Schon wieder? Ja. Warst Du nicht gerade erst dort? Doch, ja. Fährst Du alleine? Nein, mit meiner Frau. Fotogafiert die auch? Nein. Dann ist das doch total langweilig für sie, oder? Nein, sie ist eine leidenschaftliche Beobachterin und definitiv vernarrt in Elefanten und Flusspferde. Hmm…na dann viel Spaß. Danke, den werden wir haben.
Kursorische Wiedergabe eines Wortwechsels, der der Frage folgte, wohin ich denn im Januar fliegen würde, wenn ich schon nicht in den Winterurlaub führe.

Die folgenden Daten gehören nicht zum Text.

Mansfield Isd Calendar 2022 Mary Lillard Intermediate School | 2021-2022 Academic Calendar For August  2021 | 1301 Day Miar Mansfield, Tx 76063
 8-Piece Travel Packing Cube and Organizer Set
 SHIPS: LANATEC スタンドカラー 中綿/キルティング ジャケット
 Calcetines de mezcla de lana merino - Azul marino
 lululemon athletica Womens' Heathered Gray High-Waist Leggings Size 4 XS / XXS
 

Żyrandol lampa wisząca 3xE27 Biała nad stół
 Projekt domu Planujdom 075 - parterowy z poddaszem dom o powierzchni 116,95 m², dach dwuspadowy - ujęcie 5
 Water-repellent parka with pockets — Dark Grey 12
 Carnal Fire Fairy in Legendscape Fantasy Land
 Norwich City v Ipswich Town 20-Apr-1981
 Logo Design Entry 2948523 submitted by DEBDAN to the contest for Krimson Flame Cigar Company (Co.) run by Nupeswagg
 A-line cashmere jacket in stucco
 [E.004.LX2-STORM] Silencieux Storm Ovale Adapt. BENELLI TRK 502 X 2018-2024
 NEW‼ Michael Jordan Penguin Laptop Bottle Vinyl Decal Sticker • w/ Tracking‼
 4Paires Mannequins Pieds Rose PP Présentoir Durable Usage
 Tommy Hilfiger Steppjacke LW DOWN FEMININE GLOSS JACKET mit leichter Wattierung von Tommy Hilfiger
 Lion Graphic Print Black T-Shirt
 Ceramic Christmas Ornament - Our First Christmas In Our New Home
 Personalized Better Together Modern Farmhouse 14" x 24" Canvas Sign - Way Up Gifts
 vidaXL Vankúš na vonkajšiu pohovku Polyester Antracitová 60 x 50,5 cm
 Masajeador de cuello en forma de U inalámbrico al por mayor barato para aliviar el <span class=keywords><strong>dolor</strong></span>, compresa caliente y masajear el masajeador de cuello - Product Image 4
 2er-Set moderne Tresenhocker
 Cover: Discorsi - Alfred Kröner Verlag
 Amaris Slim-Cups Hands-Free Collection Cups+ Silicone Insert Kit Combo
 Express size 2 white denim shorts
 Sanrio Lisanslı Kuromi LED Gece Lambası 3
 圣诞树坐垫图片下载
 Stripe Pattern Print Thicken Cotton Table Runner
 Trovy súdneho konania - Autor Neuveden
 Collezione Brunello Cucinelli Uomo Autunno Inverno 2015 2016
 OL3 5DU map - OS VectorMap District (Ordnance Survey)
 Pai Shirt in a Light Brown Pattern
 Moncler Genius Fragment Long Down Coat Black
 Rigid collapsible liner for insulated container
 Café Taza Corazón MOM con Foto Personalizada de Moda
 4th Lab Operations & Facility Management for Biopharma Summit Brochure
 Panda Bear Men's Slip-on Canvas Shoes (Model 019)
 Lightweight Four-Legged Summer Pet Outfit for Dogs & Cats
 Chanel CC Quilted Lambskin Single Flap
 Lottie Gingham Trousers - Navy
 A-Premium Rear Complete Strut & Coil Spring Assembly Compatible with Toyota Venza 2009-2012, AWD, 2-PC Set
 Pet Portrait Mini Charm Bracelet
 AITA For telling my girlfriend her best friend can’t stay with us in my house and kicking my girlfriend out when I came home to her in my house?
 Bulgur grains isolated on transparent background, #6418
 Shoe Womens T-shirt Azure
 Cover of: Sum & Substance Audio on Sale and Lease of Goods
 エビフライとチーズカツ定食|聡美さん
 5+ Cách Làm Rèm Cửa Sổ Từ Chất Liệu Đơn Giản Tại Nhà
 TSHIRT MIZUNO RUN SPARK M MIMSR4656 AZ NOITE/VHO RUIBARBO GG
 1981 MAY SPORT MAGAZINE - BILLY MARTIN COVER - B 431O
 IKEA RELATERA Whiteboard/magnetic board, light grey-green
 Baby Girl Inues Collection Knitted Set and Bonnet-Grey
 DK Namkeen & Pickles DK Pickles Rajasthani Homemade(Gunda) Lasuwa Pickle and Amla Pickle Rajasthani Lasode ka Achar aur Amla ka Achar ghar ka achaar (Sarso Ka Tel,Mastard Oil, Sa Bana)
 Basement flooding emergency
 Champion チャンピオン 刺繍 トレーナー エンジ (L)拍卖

Wir hatten Spaß, insbesondere meine Frau. Sie war regelrecht beseelt. Noch nie hatte sie das Jagdverhalten und das Familienleben der Großkatzen so miterleben dürfen, wie bei unserem diesjährigen Kurztrip in die Masai Mara. Und irgendwie beneide ich sie darum, dass sie völlig ohne Druck das Erlebte aufsaugen und genießen kann. Wenn man fotografiert, möchte man möglichst viele aussagekräftige, spektakuläre oder auch einfach nur schöne Bildern machen und das erzeugt schon einen gewissen Druck. Ich würde lügen, wenn ich behaupten würde, dass ich diesen Druck nicht auch mag und ich könnte niemals ohne Kamera nach Afrika fahren. Aber die Vorstellung, nur offenen Auges zu beobachten und zu erleben, hat auch etwas sehr reizvolles.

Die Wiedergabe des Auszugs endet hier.